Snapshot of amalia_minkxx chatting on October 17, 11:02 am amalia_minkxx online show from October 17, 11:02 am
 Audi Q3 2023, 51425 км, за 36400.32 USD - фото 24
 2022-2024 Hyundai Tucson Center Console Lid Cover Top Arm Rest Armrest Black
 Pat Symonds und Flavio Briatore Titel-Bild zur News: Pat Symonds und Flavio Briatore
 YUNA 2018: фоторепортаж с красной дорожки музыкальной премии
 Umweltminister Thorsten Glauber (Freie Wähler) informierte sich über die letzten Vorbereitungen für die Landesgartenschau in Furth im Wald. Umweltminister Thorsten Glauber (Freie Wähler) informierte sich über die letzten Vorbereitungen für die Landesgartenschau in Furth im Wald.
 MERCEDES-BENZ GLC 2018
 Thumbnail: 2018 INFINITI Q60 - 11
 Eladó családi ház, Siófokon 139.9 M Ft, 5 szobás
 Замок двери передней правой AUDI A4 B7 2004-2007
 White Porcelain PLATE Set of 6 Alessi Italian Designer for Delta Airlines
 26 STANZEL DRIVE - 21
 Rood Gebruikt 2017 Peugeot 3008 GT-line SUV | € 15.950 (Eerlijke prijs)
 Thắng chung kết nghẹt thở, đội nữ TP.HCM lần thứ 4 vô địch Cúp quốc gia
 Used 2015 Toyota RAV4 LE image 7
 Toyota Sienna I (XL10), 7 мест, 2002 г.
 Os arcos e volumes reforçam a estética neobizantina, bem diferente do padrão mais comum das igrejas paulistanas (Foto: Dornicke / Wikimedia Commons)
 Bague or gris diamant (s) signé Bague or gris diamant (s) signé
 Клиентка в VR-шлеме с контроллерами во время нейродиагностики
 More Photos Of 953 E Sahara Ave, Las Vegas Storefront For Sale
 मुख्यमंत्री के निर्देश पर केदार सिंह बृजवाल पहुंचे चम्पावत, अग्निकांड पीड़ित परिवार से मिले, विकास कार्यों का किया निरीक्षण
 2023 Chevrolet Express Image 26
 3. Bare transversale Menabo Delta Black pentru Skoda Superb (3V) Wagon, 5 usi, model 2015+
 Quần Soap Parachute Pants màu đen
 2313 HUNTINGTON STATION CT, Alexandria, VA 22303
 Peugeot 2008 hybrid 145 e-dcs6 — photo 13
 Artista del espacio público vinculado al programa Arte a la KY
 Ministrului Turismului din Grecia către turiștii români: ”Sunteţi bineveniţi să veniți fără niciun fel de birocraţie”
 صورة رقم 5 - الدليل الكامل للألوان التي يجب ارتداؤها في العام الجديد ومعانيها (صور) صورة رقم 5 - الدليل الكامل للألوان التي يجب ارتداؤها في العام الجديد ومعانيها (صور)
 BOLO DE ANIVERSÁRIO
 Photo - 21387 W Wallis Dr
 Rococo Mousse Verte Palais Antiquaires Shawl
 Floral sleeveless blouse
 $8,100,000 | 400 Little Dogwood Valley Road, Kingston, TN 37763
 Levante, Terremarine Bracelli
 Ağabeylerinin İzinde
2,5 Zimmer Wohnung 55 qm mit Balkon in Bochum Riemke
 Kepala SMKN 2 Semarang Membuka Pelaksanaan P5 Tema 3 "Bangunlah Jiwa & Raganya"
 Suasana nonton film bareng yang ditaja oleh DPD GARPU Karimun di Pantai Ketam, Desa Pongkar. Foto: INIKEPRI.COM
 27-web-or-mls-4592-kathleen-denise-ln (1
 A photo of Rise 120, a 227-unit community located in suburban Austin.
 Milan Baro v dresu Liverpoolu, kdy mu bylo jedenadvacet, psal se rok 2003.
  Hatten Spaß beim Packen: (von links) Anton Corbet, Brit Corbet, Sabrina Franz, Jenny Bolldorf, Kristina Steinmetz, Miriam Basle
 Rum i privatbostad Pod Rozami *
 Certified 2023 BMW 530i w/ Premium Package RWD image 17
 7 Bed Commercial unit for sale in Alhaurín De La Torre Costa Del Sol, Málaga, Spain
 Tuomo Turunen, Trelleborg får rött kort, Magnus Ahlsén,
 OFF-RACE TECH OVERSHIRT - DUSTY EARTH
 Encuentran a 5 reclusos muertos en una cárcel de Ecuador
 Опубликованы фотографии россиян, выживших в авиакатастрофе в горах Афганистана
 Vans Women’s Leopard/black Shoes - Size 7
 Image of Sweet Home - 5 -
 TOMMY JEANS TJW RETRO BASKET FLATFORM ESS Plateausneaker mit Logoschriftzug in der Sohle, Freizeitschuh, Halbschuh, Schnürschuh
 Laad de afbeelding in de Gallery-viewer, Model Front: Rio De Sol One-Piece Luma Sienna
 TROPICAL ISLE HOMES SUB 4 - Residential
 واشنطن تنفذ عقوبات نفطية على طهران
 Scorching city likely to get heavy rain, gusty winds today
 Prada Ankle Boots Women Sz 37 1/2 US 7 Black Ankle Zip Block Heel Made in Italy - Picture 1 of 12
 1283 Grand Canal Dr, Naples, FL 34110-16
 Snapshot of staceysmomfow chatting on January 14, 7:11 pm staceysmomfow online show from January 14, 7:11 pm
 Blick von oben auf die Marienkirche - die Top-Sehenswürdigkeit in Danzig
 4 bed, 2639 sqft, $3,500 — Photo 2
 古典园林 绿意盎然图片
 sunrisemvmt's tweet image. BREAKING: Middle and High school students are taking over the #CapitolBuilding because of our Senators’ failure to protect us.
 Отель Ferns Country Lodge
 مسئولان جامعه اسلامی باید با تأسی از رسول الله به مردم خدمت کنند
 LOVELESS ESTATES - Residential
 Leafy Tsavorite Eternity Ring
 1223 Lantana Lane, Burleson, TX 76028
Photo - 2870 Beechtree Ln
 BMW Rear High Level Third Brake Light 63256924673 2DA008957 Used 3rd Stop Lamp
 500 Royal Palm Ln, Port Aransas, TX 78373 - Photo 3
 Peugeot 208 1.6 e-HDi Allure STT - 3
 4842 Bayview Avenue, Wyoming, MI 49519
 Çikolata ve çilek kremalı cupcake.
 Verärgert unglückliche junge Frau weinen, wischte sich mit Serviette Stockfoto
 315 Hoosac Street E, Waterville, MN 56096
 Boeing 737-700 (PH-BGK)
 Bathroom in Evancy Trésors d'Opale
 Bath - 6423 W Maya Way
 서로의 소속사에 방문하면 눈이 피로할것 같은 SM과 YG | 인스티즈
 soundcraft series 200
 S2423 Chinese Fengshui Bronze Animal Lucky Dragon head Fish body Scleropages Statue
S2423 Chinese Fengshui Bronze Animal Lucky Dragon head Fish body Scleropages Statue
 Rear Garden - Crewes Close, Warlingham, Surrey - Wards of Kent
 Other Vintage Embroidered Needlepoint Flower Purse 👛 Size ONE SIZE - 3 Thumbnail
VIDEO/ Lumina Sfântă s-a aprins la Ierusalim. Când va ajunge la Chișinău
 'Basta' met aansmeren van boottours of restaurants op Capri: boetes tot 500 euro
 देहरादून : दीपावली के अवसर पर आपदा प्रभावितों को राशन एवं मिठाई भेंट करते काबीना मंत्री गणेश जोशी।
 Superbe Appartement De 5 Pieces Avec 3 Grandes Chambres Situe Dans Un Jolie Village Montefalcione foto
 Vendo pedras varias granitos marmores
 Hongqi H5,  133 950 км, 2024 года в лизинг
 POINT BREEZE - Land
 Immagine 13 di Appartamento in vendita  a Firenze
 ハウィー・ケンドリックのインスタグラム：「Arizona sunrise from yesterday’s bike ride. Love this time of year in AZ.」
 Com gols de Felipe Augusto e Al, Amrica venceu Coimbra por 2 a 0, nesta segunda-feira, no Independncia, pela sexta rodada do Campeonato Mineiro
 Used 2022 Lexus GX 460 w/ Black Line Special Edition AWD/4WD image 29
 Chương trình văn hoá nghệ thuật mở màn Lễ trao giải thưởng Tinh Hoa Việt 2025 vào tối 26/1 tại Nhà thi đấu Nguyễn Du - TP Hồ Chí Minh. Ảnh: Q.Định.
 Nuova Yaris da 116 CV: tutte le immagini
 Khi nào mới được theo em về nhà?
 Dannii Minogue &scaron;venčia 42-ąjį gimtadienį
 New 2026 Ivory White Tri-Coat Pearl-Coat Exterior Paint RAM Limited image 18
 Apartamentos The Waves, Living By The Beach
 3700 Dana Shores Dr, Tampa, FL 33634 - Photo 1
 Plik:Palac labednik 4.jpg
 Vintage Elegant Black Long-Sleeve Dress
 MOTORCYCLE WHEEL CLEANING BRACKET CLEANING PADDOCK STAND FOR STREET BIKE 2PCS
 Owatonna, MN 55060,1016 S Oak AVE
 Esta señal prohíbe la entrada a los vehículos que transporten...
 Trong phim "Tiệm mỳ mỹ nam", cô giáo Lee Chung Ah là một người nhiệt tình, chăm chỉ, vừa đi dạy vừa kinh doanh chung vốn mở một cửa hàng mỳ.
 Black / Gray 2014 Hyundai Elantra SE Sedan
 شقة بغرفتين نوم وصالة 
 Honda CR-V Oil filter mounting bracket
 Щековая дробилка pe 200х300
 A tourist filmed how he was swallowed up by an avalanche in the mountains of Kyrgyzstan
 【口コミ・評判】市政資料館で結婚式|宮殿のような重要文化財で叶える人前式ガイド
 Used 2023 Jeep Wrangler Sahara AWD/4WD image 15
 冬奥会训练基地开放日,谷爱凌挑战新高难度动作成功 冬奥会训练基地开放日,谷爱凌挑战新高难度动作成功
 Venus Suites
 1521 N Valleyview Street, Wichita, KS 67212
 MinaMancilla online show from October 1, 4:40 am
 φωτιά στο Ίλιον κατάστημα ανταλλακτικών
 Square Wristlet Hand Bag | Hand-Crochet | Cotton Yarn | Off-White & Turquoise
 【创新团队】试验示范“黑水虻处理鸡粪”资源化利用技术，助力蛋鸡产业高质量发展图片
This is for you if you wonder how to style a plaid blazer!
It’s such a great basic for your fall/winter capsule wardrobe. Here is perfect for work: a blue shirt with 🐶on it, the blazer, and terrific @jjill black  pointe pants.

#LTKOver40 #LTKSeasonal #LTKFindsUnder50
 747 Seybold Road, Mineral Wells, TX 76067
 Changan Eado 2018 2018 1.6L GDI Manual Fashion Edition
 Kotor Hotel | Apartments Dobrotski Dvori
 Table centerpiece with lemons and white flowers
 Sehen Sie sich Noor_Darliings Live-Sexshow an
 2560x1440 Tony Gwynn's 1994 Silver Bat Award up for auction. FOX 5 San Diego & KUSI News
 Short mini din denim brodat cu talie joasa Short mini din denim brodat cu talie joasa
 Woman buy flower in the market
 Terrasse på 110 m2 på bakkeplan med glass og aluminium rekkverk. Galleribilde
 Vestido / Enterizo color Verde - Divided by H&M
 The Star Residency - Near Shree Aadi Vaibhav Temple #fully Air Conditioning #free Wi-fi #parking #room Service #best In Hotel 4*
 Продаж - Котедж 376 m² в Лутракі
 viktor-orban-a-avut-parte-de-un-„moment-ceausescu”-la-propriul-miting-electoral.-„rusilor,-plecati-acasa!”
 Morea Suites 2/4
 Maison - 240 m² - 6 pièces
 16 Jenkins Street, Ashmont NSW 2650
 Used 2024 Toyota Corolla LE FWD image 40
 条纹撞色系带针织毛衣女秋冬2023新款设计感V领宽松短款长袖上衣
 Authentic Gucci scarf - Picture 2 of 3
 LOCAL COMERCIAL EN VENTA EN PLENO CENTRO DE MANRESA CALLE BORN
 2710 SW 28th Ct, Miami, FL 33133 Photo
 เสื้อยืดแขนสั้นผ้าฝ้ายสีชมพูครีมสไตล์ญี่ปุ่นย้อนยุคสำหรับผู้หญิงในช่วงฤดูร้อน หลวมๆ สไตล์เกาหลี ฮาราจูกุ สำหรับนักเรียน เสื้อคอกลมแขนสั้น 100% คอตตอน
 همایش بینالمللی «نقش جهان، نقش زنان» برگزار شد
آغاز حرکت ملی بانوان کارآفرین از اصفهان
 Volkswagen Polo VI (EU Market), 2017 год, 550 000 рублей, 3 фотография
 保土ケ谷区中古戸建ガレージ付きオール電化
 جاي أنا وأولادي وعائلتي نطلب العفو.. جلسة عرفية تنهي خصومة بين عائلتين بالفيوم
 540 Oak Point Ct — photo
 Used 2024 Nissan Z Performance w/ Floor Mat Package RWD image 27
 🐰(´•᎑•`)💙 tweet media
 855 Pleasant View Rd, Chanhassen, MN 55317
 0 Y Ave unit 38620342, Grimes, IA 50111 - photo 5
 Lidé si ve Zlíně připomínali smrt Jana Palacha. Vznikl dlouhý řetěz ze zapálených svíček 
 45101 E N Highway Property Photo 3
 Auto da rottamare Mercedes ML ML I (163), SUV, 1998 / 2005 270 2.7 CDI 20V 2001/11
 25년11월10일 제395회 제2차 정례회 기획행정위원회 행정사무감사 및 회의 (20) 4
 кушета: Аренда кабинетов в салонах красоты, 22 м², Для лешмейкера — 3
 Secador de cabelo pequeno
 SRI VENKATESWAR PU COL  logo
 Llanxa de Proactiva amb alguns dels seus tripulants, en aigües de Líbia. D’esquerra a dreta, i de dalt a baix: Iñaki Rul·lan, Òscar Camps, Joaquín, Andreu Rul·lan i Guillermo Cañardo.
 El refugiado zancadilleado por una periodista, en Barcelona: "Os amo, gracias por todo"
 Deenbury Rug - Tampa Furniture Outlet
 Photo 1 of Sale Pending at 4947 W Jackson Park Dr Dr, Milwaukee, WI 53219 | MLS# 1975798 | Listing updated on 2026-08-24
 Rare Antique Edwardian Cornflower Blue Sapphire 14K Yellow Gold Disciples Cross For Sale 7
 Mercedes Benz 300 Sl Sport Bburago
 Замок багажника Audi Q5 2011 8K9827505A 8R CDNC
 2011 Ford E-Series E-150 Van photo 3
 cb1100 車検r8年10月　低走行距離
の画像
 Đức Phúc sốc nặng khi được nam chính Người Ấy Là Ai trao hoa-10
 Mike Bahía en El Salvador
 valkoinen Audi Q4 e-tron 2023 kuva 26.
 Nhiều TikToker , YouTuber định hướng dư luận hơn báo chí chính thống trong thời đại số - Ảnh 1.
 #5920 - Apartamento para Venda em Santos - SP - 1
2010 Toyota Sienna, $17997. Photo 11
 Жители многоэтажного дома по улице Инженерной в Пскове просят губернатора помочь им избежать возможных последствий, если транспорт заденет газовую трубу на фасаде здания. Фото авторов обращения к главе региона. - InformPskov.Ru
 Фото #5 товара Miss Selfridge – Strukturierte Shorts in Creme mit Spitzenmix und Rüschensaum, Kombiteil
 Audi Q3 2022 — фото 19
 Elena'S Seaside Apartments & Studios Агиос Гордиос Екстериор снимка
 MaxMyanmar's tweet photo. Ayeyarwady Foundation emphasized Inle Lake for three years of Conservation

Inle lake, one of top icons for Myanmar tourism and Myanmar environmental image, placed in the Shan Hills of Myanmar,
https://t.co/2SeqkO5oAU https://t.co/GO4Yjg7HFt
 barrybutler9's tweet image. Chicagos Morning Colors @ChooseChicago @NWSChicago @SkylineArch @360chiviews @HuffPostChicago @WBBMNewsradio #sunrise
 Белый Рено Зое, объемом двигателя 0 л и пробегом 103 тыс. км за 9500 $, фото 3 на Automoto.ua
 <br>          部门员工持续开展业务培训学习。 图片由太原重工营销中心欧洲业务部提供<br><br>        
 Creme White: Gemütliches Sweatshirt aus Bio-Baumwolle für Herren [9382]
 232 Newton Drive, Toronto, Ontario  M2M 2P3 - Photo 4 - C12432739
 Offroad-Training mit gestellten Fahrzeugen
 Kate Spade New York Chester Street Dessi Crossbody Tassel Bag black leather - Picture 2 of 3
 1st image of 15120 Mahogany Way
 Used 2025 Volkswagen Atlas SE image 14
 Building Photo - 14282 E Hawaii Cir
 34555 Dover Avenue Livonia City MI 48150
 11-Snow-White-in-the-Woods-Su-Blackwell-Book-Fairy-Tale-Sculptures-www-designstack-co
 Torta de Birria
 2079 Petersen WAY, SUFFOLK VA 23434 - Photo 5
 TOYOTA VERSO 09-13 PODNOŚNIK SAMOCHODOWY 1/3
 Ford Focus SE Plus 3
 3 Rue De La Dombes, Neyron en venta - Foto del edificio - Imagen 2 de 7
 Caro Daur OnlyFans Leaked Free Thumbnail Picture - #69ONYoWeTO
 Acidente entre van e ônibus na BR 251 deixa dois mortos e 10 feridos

+--

Reproduce exactly the lines from the beginning of the entries above up to and including the line that contains "Ministrului Turismului din".

- COMPLETED TASK
Snapshot of amalia_minkxx chatting on October 17, 11:02 am amalia_minkxx online show from October 17, 11:02 am
 Audi Q3 2023, 51425 км, за 36400.32 USD - фото 24
 2022-2024 Hyundai Tucson Center Console Lid Cover Top Arm Rest Armrest Black
 Pat Symonds und Flavio Briatore Titel-Bild zur News: Pat Symonds und Flavio Briatore
 YUNA 2018: фоторепортаж с красной дорожки музыкальной премии
 Umweltminister Thorsten Glauber (Freie Wähler) informierte sich über die letzten Vorbereitungen für die Landesgartenschau in Furth im Wald. Umweltminister Thorsten Glauber (Freie Wähler) informierte sich über die letzten Vorbereitungen für die Landesgartenschau in Furth im Wald.
 MERCEDES-BENZ GLC 2018
 Thumbnail: 2018 INFINITI Q60 - 11
 Eladó családi ház, Siófokon 139.9 M Ft, 5 szobás
 Замок двери передней правой AUDI A4 B7 2004-2007
 White Porcelain PLATE Set of 6 Alessi Italian Designer for Delta Airlines
 26 STANZEL DRIVE - 21
 Rood Gebruikt 2017 Peugeot 3008 GT-line SUV | € 15.950 (Eerlijke prijs)
 Thắng chung kết nghẹt thở, đội nữ TP.HCM lần thứ 4 vô địch Cúp quốc gia
 Used 2015 Toyota RAV4 LE image 7
 Toyota Sienna I (XL10), 7 мест, 2002 г.
 Os arcos e volumes reforçam a estética neobizantina, bem diferente do padrão mais comum das igrejas paulistanas (Foto: Dornicke / Wikimedia Commons)
 Bague or gris diamant (s) signé Bague or gris diamant (s) signé
 Клиентка в VR-шлеме с контроллерами во время нейродиагностики
 More Photos Of 953 E Sahara Ave, Las Vegas Storefront For Sale
 मुख्यमंत्री के निर्देश पर केदार सिंह बृजवाल पहुंचे चम्पावत, अग्निकांड पीड़ित परिवार से मिले, विकास कार्यों का किया निरीक्षण
 2023 Chevrolet Express Image 26
 3. Bare transversale Menabo Delta Black pentru Skoda Superb (3V) Wagon, 5 usi, model 2015+
 Quần Soap Parachute Pants màu đen
 2313 HUNTINGTON STATION CT, Alexandria, VA 22303
 Peugeot 2008 hybrid 145 e-dcs6 — photo 13
 Artista del espacio público vinculado al programa Arte a la KY
 Ministrului Turismului din Grecia către turiștii români: ”Sunteţi bineveniţi să veniți fără niciun fel de birocraţie”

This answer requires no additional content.